当時の当社は、今後予想される長期的な国内建設需要の伸び悩みに対処するため、エンジニアリング事業を含め、総合的な技術力および営業力の強化、海外建設事業の強化、生産性の向上等を中心とした建設事業の強化方策を推進するとともに、国内関連会社の強化に努力していた。
しかし、経営基盤を一層安定させるためには、建設事業の強化からさらに一歩進める必要があった。社内の各事業分野におけるすぐれた専門知識と豊かな経験を生かして、それを十分に発揮できる機会を広げ、組織の活性化を進めるとともに、業績の向上と会社の一層の発展に資することができるような事業を開発し、当社自体あるいは関連会社が建設業を基盤とした新たな事業へ進出することが課題となっていたのである。

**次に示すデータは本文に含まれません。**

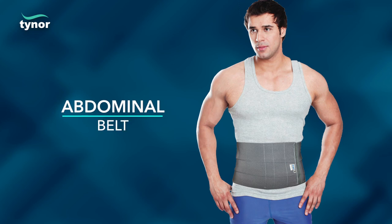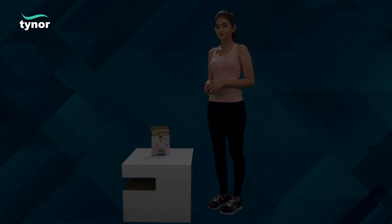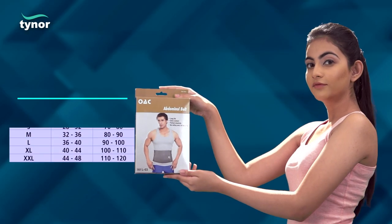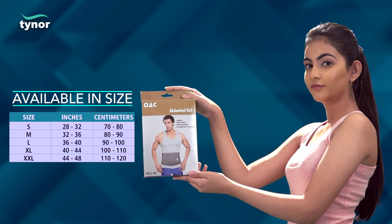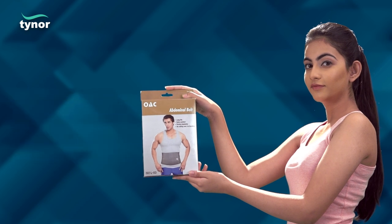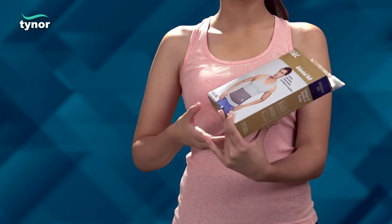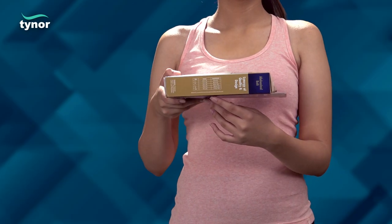Here we will discuss how to measure the size and how to use the abdominal belt. The abdominal belt is available in five sizes. Measure the circumference around the waist immediately below the navel, then refer to the chart printed on the box of the product.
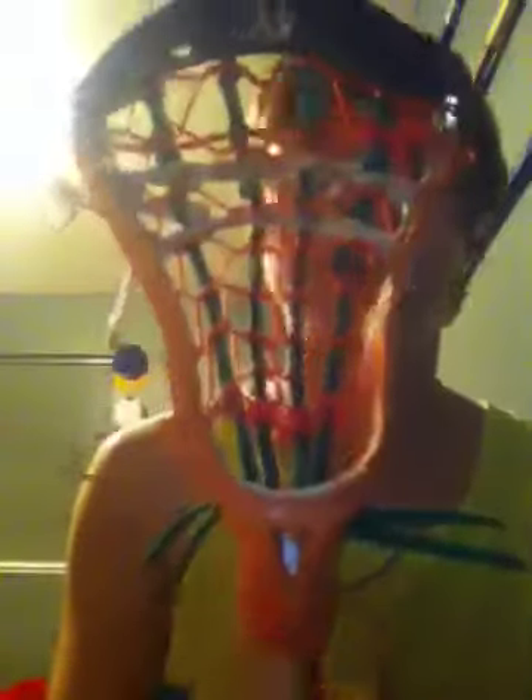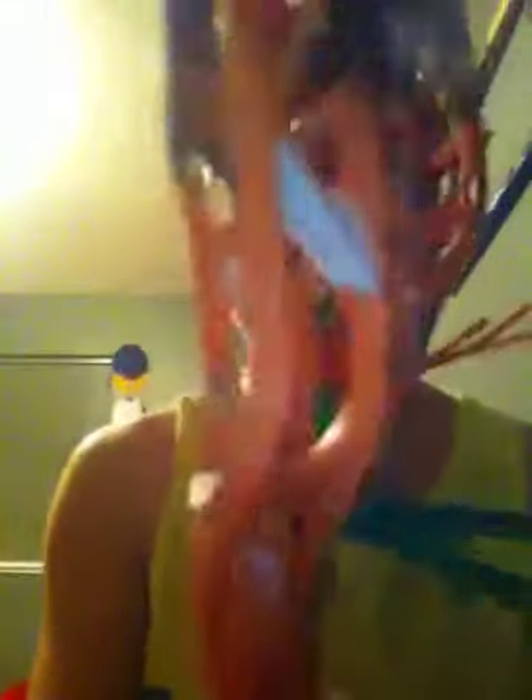The head — I've had it for a really long time, actually the entire time I've been playing, which is about 10 summer seasons. Including winter, it's about 17 seasons, because I took a couple winter seasons off to play football.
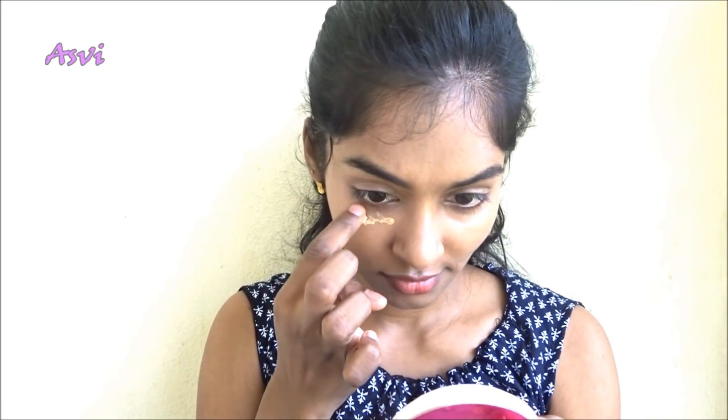Then I will be taking a little more CC Cream and applying it under my eyes and around my lips so that it has got a little bit more coverage.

このようなことから、当社および関連会社が積極的に新規事業へ進出することを検討するため、昭和59年(1984)8月、東京本社に新規事業開発プロジェクト・チームが設置された。
同年9月、「新規事業のアイデア募集について」の社長示達が出され、これに基づいて新規事業に関するアイデアの募集を行った。対象者は全役職員としたが、とくに課長職以上および工事事務所長には1人1件以上の提出を義務づけた。